Aim of the exercise →
An exact copy of the records below is needed, with every picture left out.

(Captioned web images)
--- START ---

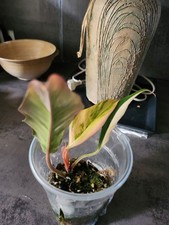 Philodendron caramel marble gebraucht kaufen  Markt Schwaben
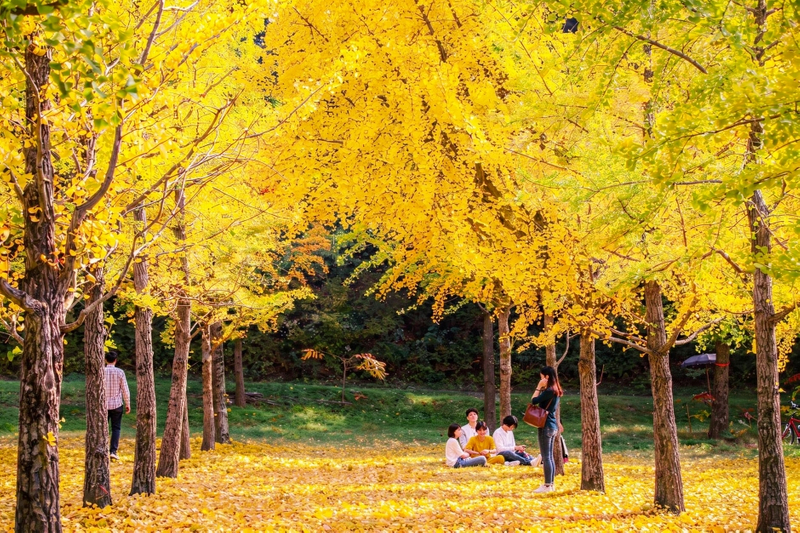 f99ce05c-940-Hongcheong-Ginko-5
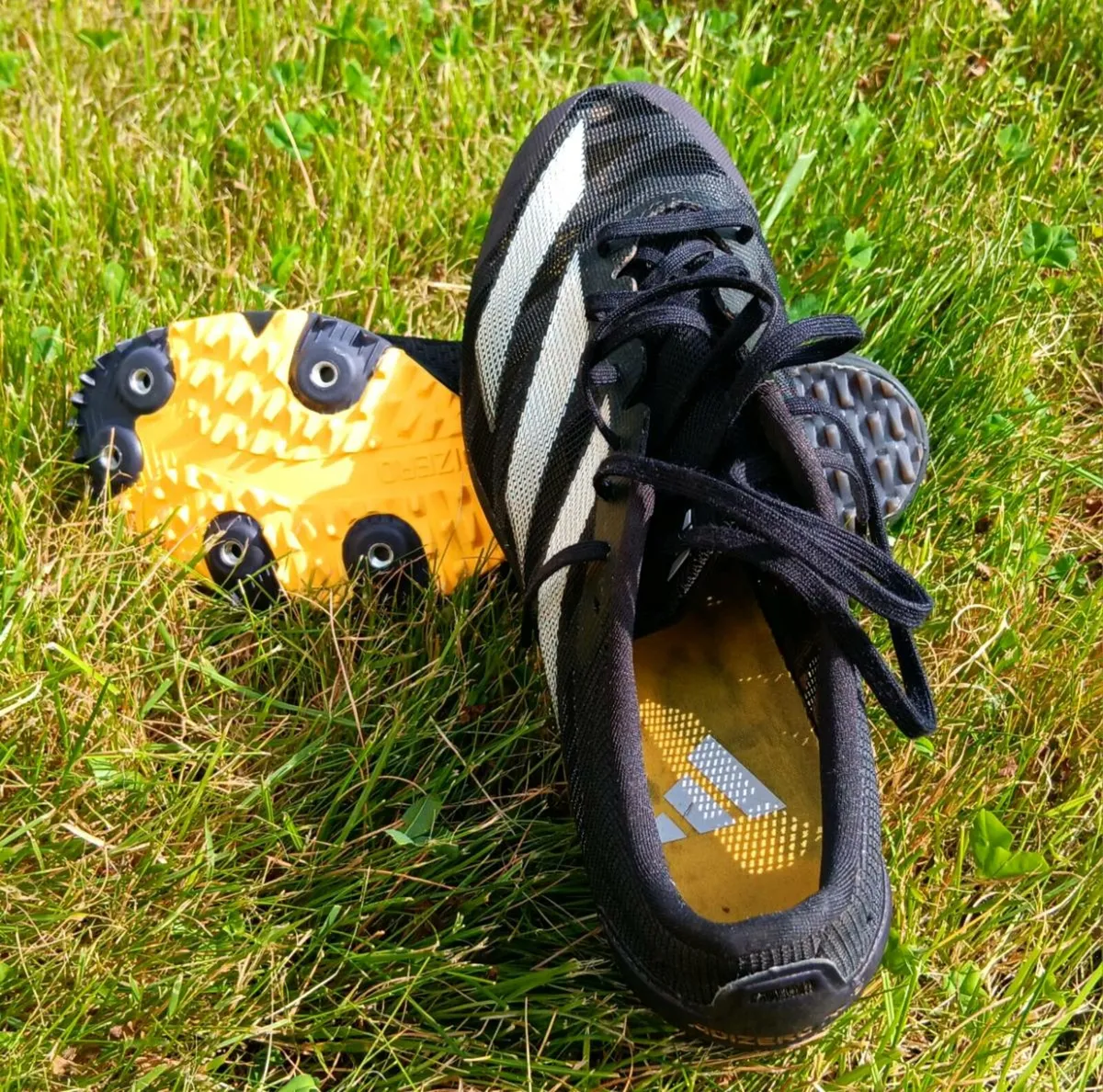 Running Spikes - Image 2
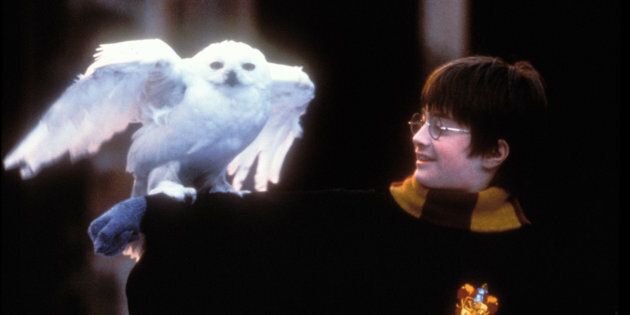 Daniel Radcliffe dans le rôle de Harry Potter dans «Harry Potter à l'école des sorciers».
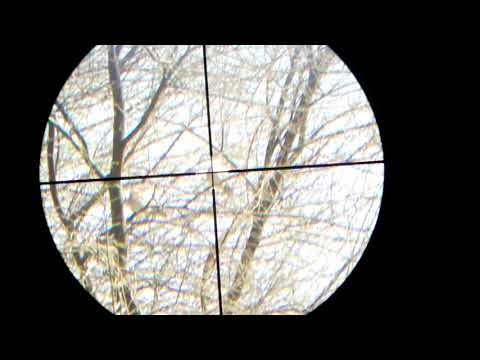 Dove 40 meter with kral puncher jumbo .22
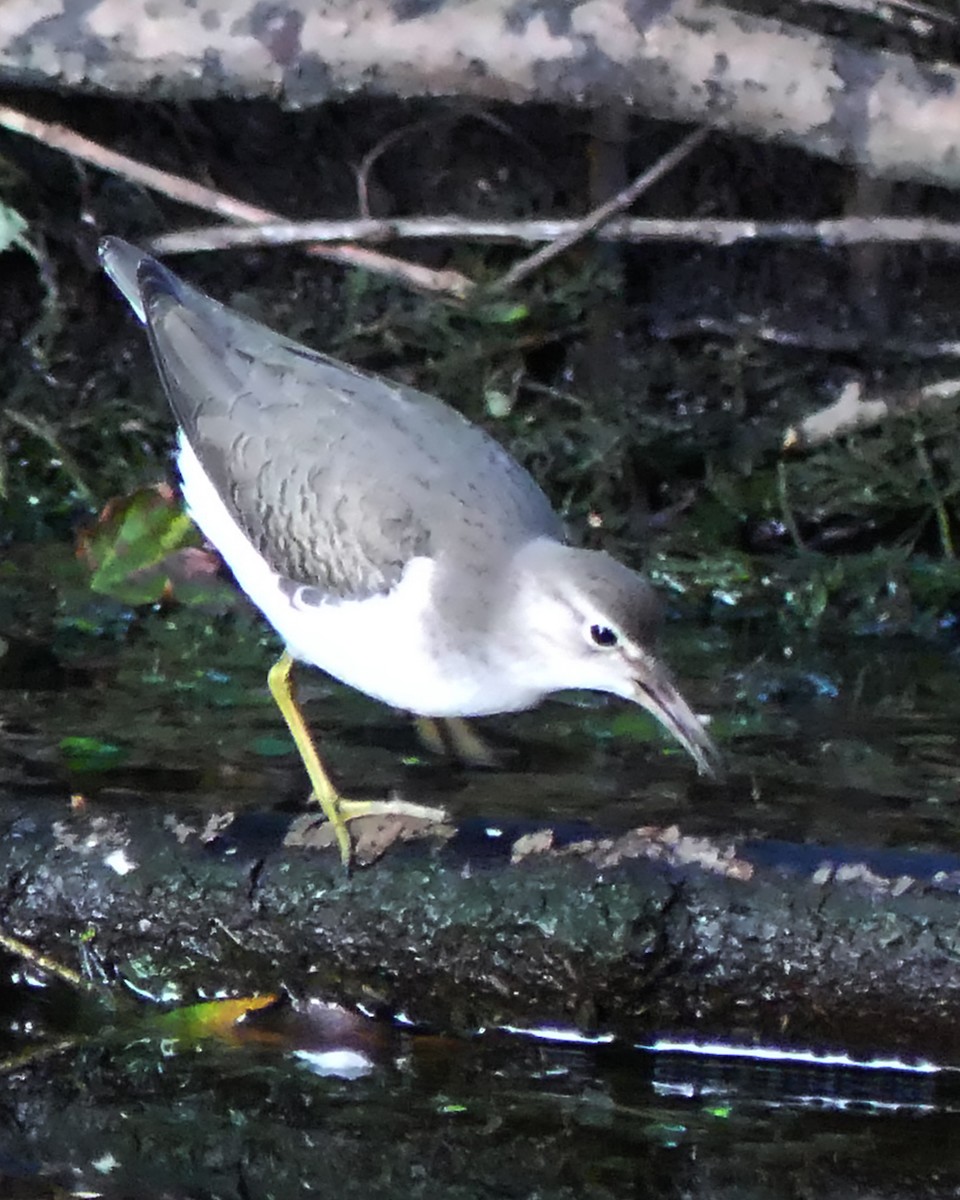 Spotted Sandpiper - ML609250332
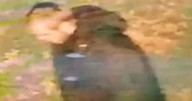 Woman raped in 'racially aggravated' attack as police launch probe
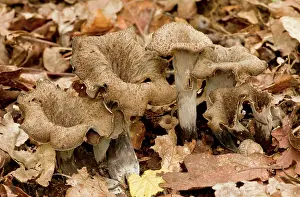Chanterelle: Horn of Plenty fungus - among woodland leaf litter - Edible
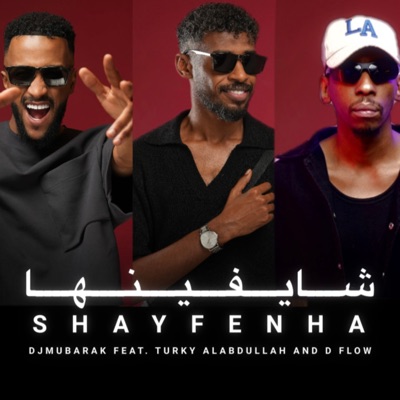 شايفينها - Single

--- END ---

Expected answer →
 Philodendron caramel marble gebraucht kaufen  Markt Schwaben
 f99ce05c-940-Hongcheong-Ginko-5
 Running Spikes - Image 2
 Daniel Radcliffe dans le rôle de Harry Potter dans «Harry Potter à l'école des sorciers».
 Dove 40 meter with kral puncher jumbo .22
 Spotted Sandpiper - ML609250332
 Woman raped in 'racially aggravated' attack as police launch probe
Chanterelle: Horn of Plenty fungus - among woodland leaf litter - Edible
 شايفينها - Single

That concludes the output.